Favoriser l’indépendance des communautés et la durabilité

Bangi Doudou, qui vit à Epulu depuis plus de 30 ans, est propriétaire d’un restaurant bien connu des habitants de la région, le «Big Maman». Avant l’arrivée du SWM Programme, elle n’avait pas accès à la viande issue de l’élevage.  Maintenant, elle peut acheter à un prix abordable des poulets sains et produits localement à l’ITAP afin de concocter de succulentes recettes pour ses clients.

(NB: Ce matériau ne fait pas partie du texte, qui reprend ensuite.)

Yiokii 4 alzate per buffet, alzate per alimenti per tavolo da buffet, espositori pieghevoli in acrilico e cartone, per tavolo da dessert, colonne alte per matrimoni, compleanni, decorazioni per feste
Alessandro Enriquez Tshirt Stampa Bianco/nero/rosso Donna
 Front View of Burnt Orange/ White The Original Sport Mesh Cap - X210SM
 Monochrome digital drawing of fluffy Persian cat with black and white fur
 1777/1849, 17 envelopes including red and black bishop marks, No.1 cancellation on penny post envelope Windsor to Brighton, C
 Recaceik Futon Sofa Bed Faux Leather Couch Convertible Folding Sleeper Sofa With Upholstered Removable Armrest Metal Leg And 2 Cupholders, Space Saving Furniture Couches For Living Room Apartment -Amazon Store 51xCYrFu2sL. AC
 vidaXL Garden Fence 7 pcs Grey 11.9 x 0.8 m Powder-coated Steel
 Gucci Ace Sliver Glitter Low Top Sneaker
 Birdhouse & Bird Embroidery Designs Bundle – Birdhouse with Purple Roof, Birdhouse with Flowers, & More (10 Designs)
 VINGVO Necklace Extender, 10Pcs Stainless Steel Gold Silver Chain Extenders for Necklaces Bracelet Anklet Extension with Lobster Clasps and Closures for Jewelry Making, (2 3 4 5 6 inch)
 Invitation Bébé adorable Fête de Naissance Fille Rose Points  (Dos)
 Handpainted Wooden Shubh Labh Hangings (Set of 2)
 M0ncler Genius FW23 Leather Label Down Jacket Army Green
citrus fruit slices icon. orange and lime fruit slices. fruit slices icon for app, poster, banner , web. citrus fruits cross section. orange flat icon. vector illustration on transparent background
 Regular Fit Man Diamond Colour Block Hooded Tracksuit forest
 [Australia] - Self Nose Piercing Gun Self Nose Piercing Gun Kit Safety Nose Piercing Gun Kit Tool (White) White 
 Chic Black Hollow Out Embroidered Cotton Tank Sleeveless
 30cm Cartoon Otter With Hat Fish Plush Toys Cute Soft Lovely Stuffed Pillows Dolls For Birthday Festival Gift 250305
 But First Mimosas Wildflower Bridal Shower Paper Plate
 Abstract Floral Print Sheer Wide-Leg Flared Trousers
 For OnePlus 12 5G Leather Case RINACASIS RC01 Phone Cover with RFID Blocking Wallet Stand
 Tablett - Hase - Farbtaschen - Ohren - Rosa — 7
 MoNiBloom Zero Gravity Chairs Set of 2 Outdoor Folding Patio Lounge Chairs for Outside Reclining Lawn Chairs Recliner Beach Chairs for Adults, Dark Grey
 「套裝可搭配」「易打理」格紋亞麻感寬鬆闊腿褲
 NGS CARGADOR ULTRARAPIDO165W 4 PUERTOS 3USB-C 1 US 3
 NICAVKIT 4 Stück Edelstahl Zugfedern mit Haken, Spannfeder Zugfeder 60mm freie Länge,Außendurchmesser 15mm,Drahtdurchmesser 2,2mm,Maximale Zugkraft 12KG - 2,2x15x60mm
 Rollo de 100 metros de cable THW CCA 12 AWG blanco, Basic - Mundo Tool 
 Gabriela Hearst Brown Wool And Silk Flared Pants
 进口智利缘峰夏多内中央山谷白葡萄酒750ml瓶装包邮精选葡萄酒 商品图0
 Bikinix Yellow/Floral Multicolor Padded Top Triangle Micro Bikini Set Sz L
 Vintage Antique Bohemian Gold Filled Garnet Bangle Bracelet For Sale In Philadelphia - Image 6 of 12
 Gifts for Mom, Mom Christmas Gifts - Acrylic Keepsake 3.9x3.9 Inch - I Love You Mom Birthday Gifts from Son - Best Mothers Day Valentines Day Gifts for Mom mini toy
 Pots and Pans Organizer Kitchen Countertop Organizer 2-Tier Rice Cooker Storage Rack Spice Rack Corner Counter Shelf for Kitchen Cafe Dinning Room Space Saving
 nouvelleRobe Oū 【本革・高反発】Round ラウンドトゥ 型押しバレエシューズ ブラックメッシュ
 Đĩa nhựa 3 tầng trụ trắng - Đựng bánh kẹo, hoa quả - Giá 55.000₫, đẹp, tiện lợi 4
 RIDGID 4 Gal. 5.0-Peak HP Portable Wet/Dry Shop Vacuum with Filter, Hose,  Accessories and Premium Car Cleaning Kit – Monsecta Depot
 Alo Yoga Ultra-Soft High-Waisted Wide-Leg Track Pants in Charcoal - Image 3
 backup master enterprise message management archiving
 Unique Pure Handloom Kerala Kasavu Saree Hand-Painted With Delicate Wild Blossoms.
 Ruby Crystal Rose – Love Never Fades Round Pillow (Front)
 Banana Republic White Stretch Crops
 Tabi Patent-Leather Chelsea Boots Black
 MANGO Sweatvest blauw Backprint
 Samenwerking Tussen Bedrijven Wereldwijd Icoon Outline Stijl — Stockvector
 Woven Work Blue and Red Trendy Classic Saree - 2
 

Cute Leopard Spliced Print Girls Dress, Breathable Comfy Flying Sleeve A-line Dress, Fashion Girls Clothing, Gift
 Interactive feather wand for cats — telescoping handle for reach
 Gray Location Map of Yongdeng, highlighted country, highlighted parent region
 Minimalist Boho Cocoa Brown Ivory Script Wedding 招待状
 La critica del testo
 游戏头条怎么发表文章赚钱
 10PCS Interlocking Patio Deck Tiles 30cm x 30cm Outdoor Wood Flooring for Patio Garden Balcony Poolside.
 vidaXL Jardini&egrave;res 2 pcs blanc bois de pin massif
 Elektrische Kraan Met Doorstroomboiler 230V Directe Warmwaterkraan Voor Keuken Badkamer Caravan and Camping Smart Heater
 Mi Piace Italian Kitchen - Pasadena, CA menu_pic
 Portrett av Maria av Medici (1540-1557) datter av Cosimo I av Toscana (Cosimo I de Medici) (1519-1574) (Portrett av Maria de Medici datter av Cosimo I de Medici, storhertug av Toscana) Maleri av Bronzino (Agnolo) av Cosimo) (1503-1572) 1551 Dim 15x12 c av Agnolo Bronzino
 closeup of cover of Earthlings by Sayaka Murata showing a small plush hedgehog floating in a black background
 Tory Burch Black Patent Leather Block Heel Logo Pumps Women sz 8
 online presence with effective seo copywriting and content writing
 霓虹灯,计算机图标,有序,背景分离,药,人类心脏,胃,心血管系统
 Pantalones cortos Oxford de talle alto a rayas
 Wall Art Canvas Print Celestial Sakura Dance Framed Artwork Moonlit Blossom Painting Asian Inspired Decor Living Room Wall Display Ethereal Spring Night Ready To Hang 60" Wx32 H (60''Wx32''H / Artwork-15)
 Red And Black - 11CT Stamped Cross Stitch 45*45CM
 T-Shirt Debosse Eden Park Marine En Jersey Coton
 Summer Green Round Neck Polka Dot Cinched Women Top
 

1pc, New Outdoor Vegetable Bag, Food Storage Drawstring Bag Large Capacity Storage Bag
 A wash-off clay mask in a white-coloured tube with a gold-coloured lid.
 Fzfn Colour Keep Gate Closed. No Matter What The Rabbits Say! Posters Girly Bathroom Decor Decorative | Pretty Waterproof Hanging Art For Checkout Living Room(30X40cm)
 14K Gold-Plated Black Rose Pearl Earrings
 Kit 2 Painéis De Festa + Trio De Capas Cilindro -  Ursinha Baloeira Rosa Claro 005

En effet, Latiwa Aliyo Cecile explique qu’avant la création de la ferme avicole de l’ITAP, en mai 2022, les habitants d'Epulu ne pouvaient acheter du poulet qu'à Mambasa, à environ 80 kilomètres de là.

Toutefois, l’enclavement d’Epulu et le mauvais état des routes, entre autres, contribuent au coût plus élevé des multiples intrants nécessaire à l'élevage de poulets. «Le coût de la nourriture, de l'eau, des vaccins et des médicaments rend la production quelque peu onéreuse» poursuit-elle.

Le SWM Programme a construit la ferme avicole de l'ITAP et l'a équipée de mangeoires, d'abreuvoirs et de seaux. Le programme a également fourni 900 poussins à l'ITAP, en trois cycles.  Par la suite, les enseignants et les élèves ont élevé 758 poulets supplémentaires, qu’ils ont vendus localement.  

Après la fin du soutien financier du SWM Programme, l’ITAP a continué de réinvestir les revenus des ventes afin de pérenniser l’élevage des poulets.  L’école rurale a ainsi pu continuer à former des élèves. Jusqu’à présent, 17 personnes dont 13 étudiants, la plupart étant des jeunes et des femmes, ont été complètement formé à l’élevage de poulets. «Il est remarquable de voir comment, en si peu de temps, l’ITAP est devenu autonome dans la production de poulets» déclare Delphin Bilua.

Ainsi, l'espoir s'élève pour atteindre un équilibre durable entre les besoins alimentaires humains et la conservation de la faune sauvage.

Le Programme de gestion durable de la faune sauvage (SWM Programme) est une initiative internationale, financée par l'Union européenne et cofinancée par le Fonds français pour l'environnement mondial (FFEM) et l'Agence française de développement (AFD). L'initiative est coordonnée par un consortium dynamique de quatre partenaires, notamment l'Organisation des Nations Unies pour l'alimentation et l'agriculture (FAO), le Centre de recherche forestière internationale et mondial d'agroforesterie (CIFOR-ICRAF), le Centre français de coopération internationale en recherche agronomique pour le développement (CIRAD) et la Wildlife Conservation Society (WCS).

En République démocratique du Congo, les activités sont mises en œuvre par WCS.

Le programme a pour vocation de restaurer l’équilibre entre sécurité alimentaire et conservation de la faune sauvage, une condition indispensable à la création d’un monde sans faim et sans pauvreté.